──────── Provided records

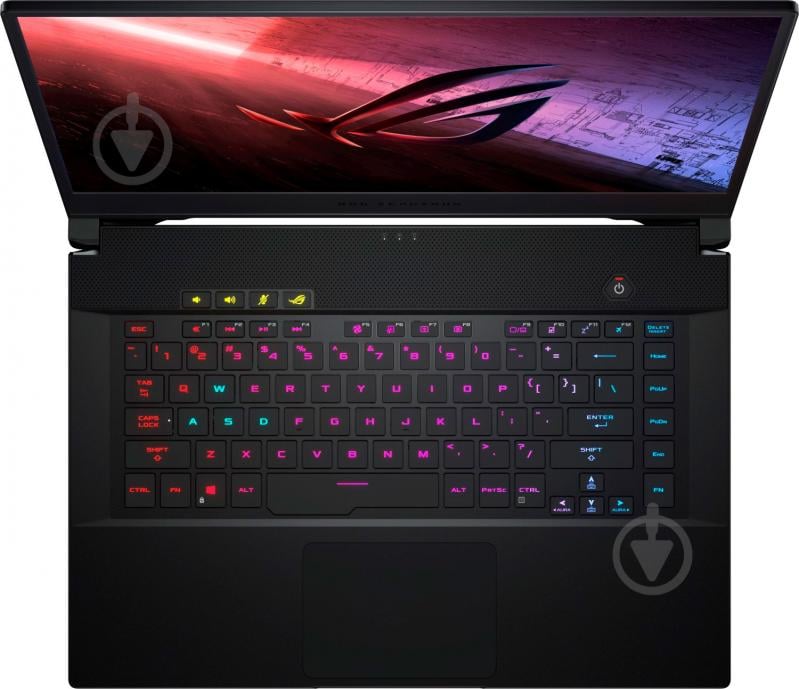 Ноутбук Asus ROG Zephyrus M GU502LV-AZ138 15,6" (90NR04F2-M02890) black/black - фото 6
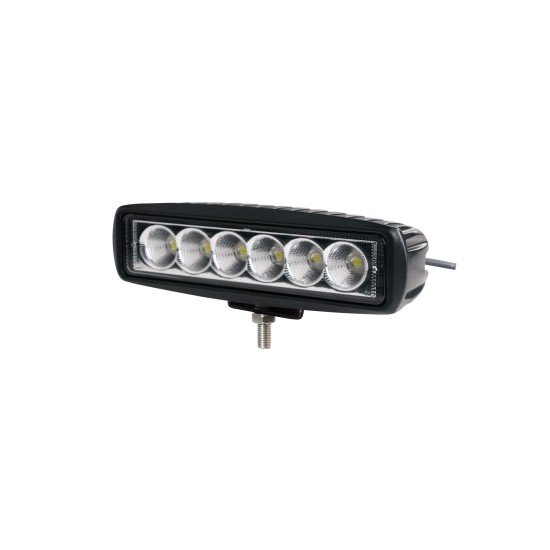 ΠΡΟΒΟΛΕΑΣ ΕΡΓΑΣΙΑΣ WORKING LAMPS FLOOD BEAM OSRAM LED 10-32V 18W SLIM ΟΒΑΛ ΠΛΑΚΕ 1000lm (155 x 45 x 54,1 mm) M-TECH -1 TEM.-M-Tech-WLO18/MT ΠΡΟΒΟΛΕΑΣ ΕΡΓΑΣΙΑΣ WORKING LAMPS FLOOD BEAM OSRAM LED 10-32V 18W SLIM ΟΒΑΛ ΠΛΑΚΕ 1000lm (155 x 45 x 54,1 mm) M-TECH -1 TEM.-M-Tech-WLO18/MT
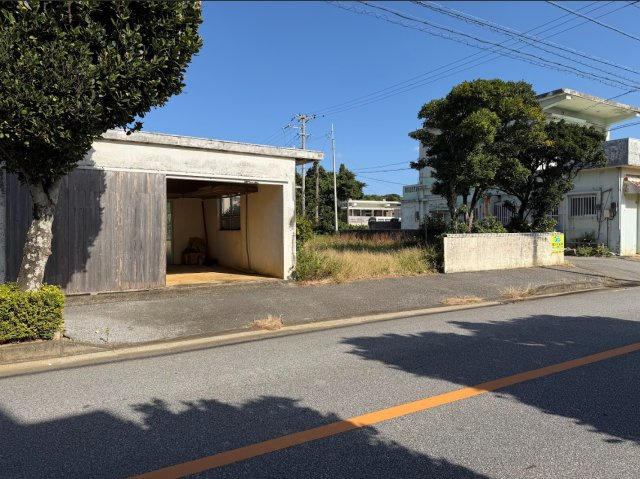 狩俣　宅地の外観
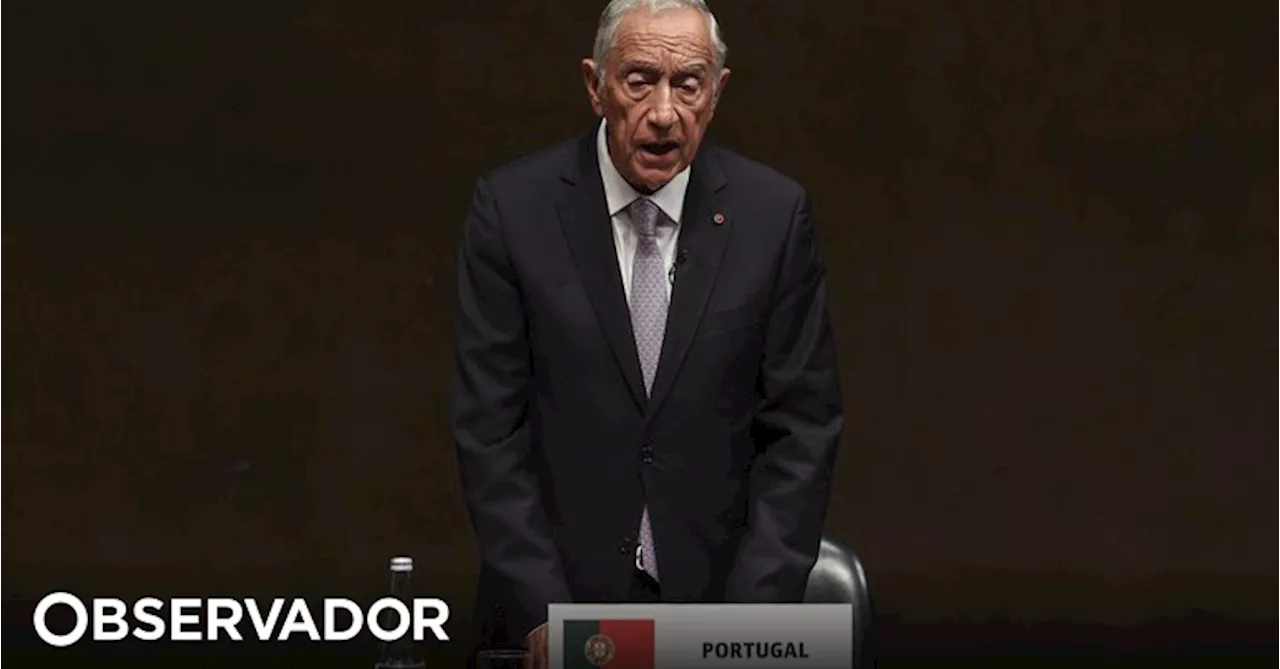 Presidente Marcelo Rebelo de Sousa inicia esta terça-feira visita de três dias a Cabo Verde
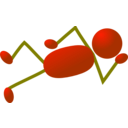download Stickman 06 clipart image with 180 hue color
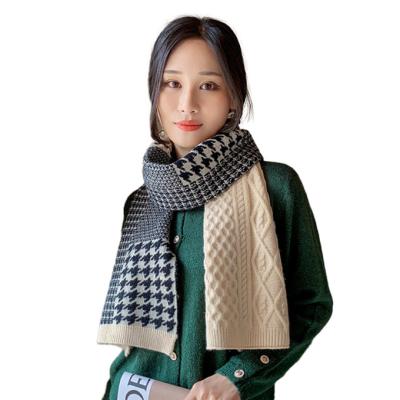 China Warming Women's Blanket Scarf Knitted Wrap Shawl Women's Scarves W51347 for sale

────────────────
──────── Provided records

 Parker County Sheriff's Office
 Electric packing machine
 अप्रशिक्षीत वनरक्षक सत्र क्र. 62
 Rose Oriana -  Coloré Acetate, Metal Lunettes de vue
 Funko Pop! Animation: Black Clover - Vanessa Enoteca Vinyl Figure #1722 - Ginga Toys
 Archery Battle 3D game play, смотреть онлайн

────────────────
──────── Provided records

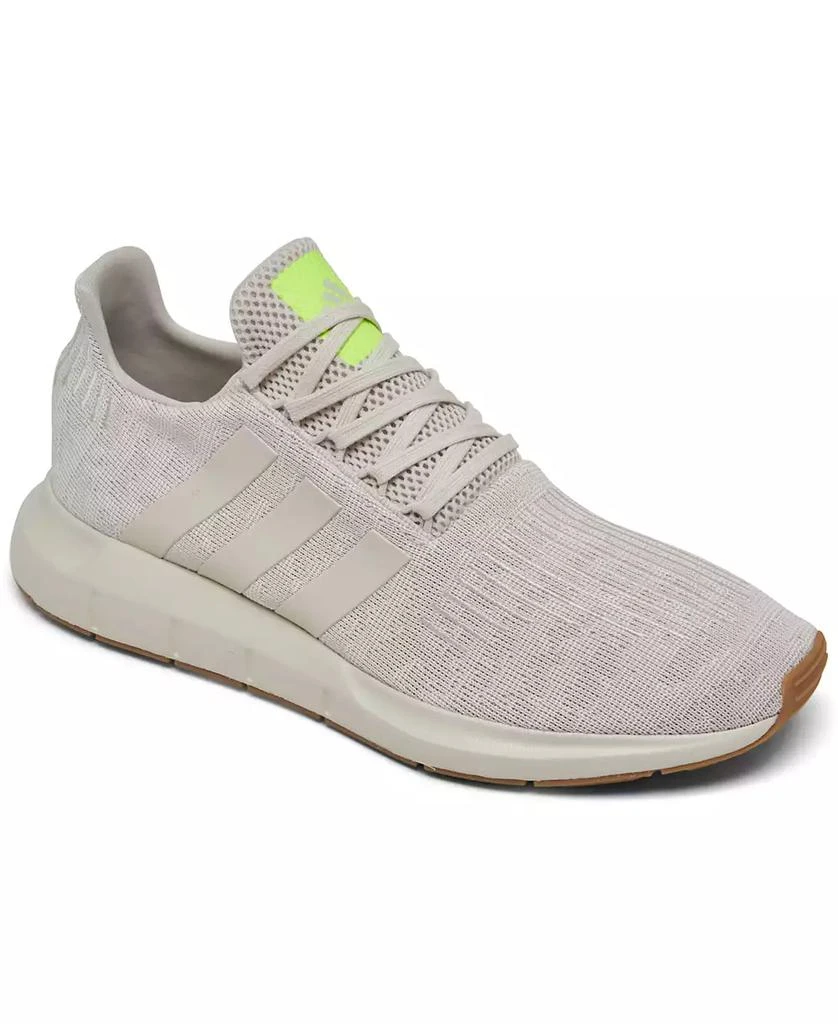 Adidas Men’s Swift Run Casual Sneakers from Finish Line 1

────────────────

• _Problem statement_
Copy exactly, without pictures, the lines above from the one with "Ноутбук Asus ROG" down to the one with "-1 TEM.-M-Tech-WLO18/MT ΠΡΟΒΟΛΕΑΣ", inclusive.

• _Solution to this task_
 Ноутбук Asus ROG Zephyrus M GU502LV-AZ138 15,6" (90NR04F2-M02890) black/black - фото 6
 ΠΡΟΒΟΛΕΑΣ ΕΡΓΑΣΙΑΣ WORKING LAMPS FLOOD BEAM OSRAM LED 10-32V 18W SLIM ΟΒΑΛ ΠΛΑΚΕ 1000lm (155 x 45 x 54,1 mm) M-TECH -1 TEM.-M-Tech-WLO18/MT ΠΡΟΒΟΛΕΑΣ ΕΡΓΑΣΙΑΣ WORKING LAMPS FLOOD BEAM OSRAM LED 10-32V 18W SLIM ΟΒΑΛ ΠΛΑΚΕ 1000lm (155 x 45 x 54,1 mm) M-TECH -1 TEM.-M-Tech-WLO18/MT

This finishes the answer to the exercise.